BY Kim Dhillon in Reviews | 06 MAY 06

Jose Damasceno’s wry sculptures, installations, photographs and drawings are works that reveal how they came into being. Damasceno lives and works in Rio de Janeiro, and his first UK solo exhibition, ‘INFRAMARKET’, is timely. On display across town at the Barbican is ‘Tropicalia’, a survey demonstrating how Hélio Oiticica’s 1967 eponymous installation gave the revolutionary Brazilian cultural movement its focus. Oiticica’s and Lygia Clark’s participatory sculptures in ‘Tropicalia’ provide ways of reading Damasceno’s own practice and give background context to the work. His art is gentler than that of the Neo-Concretists, a playful way of working with site-specific sculpture that is mellow without feeling restrained.

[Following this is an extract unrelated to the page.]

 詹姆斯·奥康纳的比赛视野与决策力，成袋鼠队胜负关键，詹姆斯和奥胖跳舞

Step by Step (all works 2006) is the heart of the show, entirely covering the second room’s floor. A dance-step chart normally used to map out the foxtrot or polka is translated into marble footprints carefully scattered across the gallery. Chunky foot-shaped wedges, each about 2 cm thick, are placed close together and piled on top of one another to show a fast-paced dance or a single spot that the dancer would move on for a while. With some of these piled seven or eight high, the sculpture builds up from the floor in sturdy layers. Marble – a classical sculpture and flooring material – becomes both the trace and the plan for a dance that would usually occur on top of it. With his meticulous repetitions he unravels the complex relationships between an object and its material that are otherwise taken for granted.

Known for using unorthodox materials – chess pieces or blackboard erasers, for example – Damasceno has returned to traditional sculptural materials of stone and metal. Can You Hear Me?, a double-headed trumpet, is a conjoined twin of a musical instrument. Two brassy horns face in opposite directions, with the mouthpieces meeting in the middle to form a single tube. The instrument is rendered useless: no air can enter the mouthpiece and no sound can escape.

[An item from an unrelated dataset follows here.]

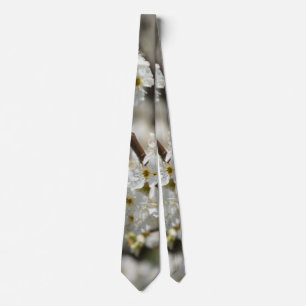 Corbata Bradford Select Focus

The impotent trumpet sits in front of Organogram, a diagram made by pressing inked rubber stamps directly onto the wall. The words ‘yesterday’, ‘today’ and ‘tomorrow’ are stamped repeatedly in slightly curved lines, mapping out a round shape on the wall. The points where they meet presumably hint at the present. Literally translated from Portuguese, an organogram is an ‘organizational chart’. However, there’s no obvious organized structure in the wall-piece: rather, carefully controlled and worked-over random patterns. The trails of words form a large shape, nearly five feet high and wide, that vaguely resembles something organic: a rock, a round shell or a big cabbage. Some lines travel inside the shape, making veins that end without warning and little paths that lead nowhere. In previous Organograms Damasceno worked on paper, but here on the wall there are some smudges where he’s pushed the stamp unevenly or caught a finger on a word not yet dry. The result is pleasingly tactile: what seem from a distance like faint and perfectly drawn, flawless lines reveal their making and faults when looked at more closely.

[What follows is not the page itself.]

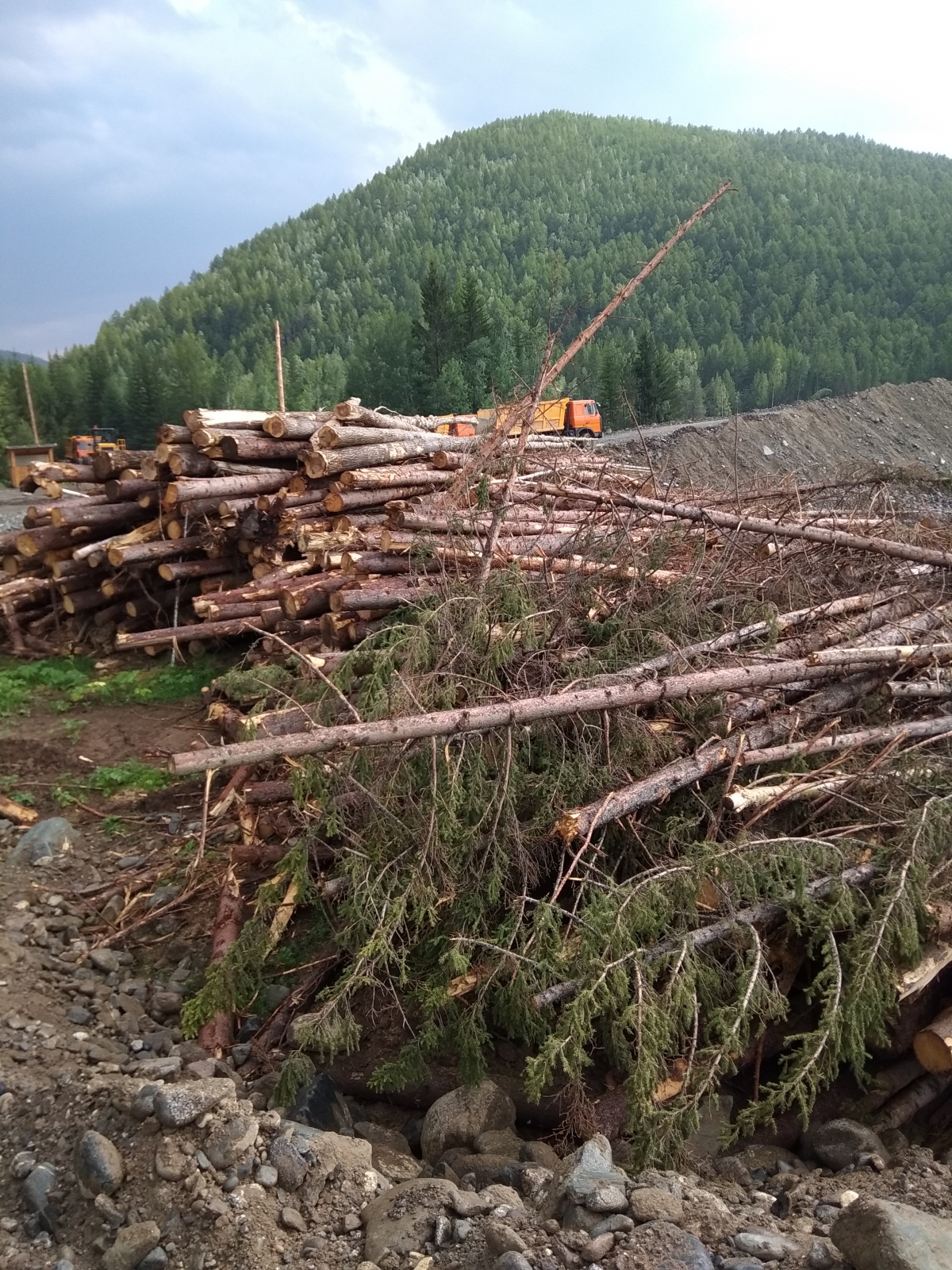 Фото В Бурятии возбудили уголовное дело на главу агентства лесного хозяйства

Three works – Gruta (Cave), Garage and O Avaliador (The Assessor) – hung in the third room. Garage shows a desolate landscape extending beyond its frame: a grey brick protrudes from the image, while another sits below on the floor. A photograph is also the starting-point for Gruta, a delicate collage recalling storybook illustration in which a solitary man dwarfed by stalactites watches lights sparking in the distance. Damasceno is concerned with transformation – moving from one form (photography) to another (sculpture, collage) – resulting in a pleasantly delayed realization of how layered his process is.

The artist hints at his methods with the show’s title: while ‘market’ refers to an area of activity, ‘infra’ is used in academic manuscripts to refer a reader to a point later in the text. His works slowly reveal the relationship of forms to materials, giving a quiet nod to his influences and the development of his concepts.